Mas de resto, muito crítico o texto, muito bom.
Sim, foi uma sua montagem. O mais curioso a respeito desse gajo é que suas entrevistas até que não são ruins. São bem articuladas, cheias de um falatório muito sofista, e quando não têm o caráter da utilidade, têm o bebefício do humor.
E isso porque você nunca viu o cu do Zé Celso. Eu já vi.
Argh!!!! Como é que é?!!?
É como qualquer cu de velho sodomita, suponho. Mas não sou bom de anatomia.
Também vi outros órgãos à mostra, no mesmo espetáculo. Muitas mulheres nuas correndo, às vezes se enlaçando com pessoas da platéia, convidadas a se despir também. Também havia um ator vestido de diabrete, com uma roupa colante que o envolvia por inteiro, com exceção da parte pubiana, em que havia um furo estrategicamente praticado para que dali pendesse o seu membro viril. Nada disso me escandalizou particularmente, se era essa a intenção de tão flagrante mediocridade. O que me incomodou bastante foi a duração da peça: quase seis horas. Eu as suportei com algum estoicismo, até, mas já pelo fim comecei a vaiar e protestar, dizendo: "termina, termina". Se alguém viesse a mim tomar satisfações, eu reponderia com Boileau (logo quem!): "é um direito que se adquire logo que se passa por aquela porta".
Enfim, foi isso.

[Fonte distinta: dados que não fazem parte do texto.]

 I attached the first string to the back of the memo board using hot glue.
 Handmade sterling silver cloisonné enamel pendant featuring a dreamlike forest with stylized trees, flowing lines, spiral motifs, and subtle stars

Em outro espetáculo da mesma trupe, ejacularam na cabeça de uma mocinha japonesa, que ficou com os cabelos tisnados da linfa seminal de um ator. É mesmo uma falta de civilidade. Se o episódio fosse comigo, acho iniciaria ali uma solitária sedição. Por isso, digo a quem pretende ir ver uma peça no Oficina: "vá de chapéu".